Very dear Sir and Friend,

... The object or system of the secret school, in explaining the mysteries, is to show that those whom we take for beings existing outside of ourselves, and who are represented to us as such by the Christian doctrine, are none other than our internal ideas or affections; that is to say, that those supernatural personages who are exhibited to men as divine are the human faculties themselves, personified by ancient secret art; and that these figurative personages merge the one into the other, and interpenetrate and unify in one sole being—namely, in Man. The ultimate revelation.

This is equally the system of Dante, both in the Divine Comedy and in the Vita Nuova—which latter gives the keys of the former....

Origen and Tertullian, as well as Synesius, Bishop of Cyrene, give in the sect-language the keys to the whole New Testament, and partly to the Old:... the selfsame explanation which is given in the mysteries of the present still-subsisting sect.

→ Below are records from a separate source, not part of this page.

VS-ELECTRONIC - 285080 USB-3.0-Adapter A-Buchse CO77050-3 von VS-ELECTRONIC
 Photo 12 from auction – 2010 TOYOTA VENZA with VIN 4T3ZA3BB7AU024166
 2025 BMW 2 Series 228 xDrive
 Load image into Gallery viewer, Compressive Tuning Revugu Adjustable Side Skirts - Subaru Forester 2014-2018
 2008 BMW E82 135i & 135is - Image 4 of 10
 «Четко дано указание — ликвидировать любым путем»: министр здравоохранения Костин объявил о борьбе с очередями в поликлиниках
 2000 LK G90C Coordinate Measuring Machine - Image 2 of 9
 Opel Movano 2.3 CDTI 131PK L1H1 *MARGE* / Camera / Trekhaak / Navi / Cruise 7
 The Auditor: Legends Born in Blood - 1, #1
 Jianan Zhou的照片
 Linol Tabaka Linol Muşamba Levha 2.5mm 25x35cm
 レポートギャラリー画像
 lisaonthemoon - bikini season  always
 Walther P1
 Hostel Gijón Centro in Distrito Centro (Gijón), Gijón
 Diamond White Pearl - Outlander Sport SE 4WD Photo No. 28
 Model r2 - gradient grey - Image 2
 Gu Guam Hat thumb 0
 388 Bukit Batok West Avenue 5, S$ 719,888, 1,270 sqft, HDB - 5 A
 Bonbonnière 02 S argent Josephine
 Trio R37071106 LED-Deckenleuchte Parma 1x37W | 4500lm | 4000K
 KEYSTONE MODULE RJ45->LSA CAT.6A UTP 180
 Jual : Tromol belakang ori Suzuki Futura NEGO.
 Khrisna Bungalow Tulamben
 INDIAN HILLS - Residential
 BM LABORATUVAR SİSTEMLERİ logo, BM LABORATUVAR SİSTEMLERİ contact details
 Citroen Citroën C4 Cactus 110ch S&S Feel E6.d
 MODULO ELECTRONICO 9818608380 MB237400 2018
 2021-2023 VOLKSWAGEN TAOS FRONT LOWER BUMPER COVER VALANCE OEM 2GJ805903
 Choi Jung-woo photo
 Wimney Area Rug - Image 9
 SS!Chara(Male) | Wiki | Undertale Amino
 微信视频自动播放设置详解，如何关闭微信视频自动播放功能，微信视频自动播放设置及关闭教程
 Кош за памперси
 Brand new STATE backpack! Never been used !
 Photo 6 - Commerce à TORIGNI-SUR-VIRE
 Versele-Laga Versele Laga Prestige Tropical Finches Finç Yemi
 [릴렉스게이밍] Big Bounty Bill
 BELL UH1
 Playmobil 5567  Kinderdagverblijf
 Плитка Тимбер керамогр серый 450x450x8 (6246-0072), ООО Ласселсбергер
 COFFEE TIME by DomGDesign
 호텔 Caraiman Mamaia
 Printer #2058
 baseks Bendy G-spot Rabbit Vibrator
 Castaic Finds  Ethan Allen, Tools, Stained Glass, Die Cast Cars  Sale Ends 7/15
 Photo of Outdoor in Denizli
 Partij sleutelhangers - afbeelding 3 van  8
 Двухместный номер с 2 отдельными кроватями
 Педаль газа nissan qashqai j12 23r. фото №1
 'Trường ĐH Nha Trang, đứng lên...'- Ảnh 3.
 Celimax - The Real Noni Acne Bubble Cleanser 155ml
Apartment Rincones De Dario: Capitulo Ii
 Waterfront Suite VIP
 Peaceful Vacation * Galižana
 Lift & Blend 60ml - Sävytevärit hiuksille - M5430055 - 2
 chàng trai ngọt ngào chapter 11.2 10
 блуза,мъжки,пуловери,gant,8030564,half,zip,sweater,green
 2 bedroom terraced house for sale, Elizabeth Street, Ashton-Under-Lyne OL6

From the writings of the latter I gather that the secret school of the Christian priesthood is continued by Masonry; that one of the heads of the school in Constantine’s time, Sylvester, came to an understanding with that despot to suppress the secret explanation, and to retain merely the formula of the external figures, which understanding produced the papacy or priesthood of Rome; but that other chiefs of the same school, indignant at his having sold the interests of mankind to the secular power, severed themselves from him and persisted in the secret teaching,—which went on to the late ages (and here we arrive at Dante), and so continued up to our own times.